The group urged EU leaders to agree to monitor and implement a United Nations-authorised air exclusion zone over Darfur and apply EU-wide pressure on Sudan to stop its current offensive, stop killing civilians and accept a UN force.
It also urged them to impose asset freezes and travel bans on those Sudanese officials responsible for human rights abuses and crimes against humanity as well as help strengthen the African Union force in Darfur.
And it urged EU leaders to set down a date for EU-wide trade sanctions if the Sudanese government fails to respond to the pressure.
"History has been a harsh judge of the reluctance of European governments to take meaningful steps to end the genocides of which we are survivors," the group said.
"The union founded in the wake of Europe's own genocide cannot ignore the threat of a new one," it said.
"We urge you to make today's EU heads of state meeting in Finland a turning point," the group urged.
The United States accuses the Sudanese government and the proxy Janjaweed Arab militia of carrying out a genocide in Darfur.
According to the UN, 200,000 people have died and 2.5 million have been displaced due to the fighting and related humanitarian crisis in the last three years.
At a press conference organised by Aegis Trust, which campaigns against genocide and arranged for the letter to be written, four signatories of the letter and a Darfur refugee expressed their anger at EU inaction.
Martin Stern, who was arrested by the Nazis in 1944 when he was five years old, warned that history will not judge the Europeans kindly if they fail to stop the atrocities in Darfur.
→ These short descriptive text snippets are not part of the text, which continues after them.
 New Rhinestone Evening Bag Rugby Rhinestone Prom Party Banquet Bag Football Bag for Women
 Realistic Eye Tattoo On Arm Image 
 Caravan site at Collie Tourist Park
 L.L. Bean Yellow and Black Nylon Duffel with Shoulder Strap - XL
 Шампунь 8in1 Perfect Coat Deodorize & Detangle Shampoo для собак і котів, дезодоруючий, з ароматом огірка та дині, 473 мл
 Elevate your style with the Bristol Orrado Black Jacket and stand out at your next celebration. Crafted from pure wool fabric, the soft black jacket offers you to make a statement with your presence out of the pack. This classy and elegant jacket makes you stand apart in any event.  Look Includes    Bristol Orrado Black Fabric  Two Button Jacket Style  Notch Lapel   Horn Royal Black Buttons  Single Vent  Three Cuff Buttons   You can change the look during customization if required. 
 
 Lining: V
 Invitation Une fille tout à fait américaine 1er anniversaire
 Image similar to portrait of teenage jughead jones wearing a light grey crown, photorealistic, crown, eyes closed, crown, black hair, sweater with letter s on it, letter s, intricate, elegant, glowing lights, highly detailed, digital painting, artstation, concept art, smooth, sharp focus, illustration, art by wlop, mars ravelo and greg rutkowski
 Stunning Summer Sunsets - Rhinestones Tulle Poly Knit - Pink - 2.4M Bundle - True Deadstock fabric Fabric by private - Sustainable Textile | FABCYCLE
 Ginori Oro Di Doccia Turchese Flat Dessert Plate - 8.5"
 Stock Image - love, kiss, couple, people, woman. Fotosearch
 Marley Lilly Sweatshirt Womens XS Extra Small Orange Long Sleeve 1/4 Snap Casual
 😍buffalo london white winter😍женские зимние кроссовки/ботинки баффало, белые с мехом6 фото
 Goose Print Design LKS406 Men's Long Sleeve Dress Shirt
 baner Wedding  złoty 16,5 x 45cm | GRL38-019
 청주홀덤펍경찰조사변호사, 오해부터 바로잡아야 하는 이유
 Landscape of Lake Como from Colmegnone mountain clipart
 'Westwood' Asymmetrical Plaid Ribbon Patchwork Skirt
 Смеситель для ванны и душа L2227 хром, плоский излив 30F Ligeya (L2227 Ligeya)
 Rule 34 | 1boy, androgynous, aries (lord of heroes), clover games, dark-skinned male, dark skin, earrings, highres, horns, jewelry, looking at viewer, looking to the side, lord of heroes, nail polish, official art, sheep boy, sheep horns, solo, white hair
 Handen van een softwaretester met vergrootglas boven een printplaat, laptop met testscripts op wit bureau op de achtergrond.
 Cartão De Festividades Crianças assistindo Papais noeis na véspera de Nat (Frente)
"In a genocide we have people who are victims, people who are perpetrators, people who are rescuers, but the largest group generally is the people who are bystanders," Stern said. "The EU en masse is a big group of bystanders. These are people who are always condemned by posterity. Ignoring this genocide prepares the ground for the next one," he said.
Sakiba Gurda saw very strong links between the situation in Darfur and what happened in her native Bosnia more than a decade ago.
"During the three and half years of the war, Europe debated, discussed and looked on," Gurda said. "Most of all, the hesitations, the in-actions was giving gloomy signals to the perpetrators to continue and to take the brutality at a greater more horrific level."
Ynis Hassabullah left behind his three children when he fled his village in Darfur during a bombing raid in January 2004.
"Every single day, children, women, (old) people are killed by the government," he said.
"It's time to take action against the Sudanese government to stop killing innocent people."
During an informal EU summit in Lahti, southern Finland, British Prime Minister Tony Blair sought agreement on Friday for a strong line against the Sudanese government over Darfur, looking for "other ways to apply pressure" if necessary to accept a UN force in the troubled area.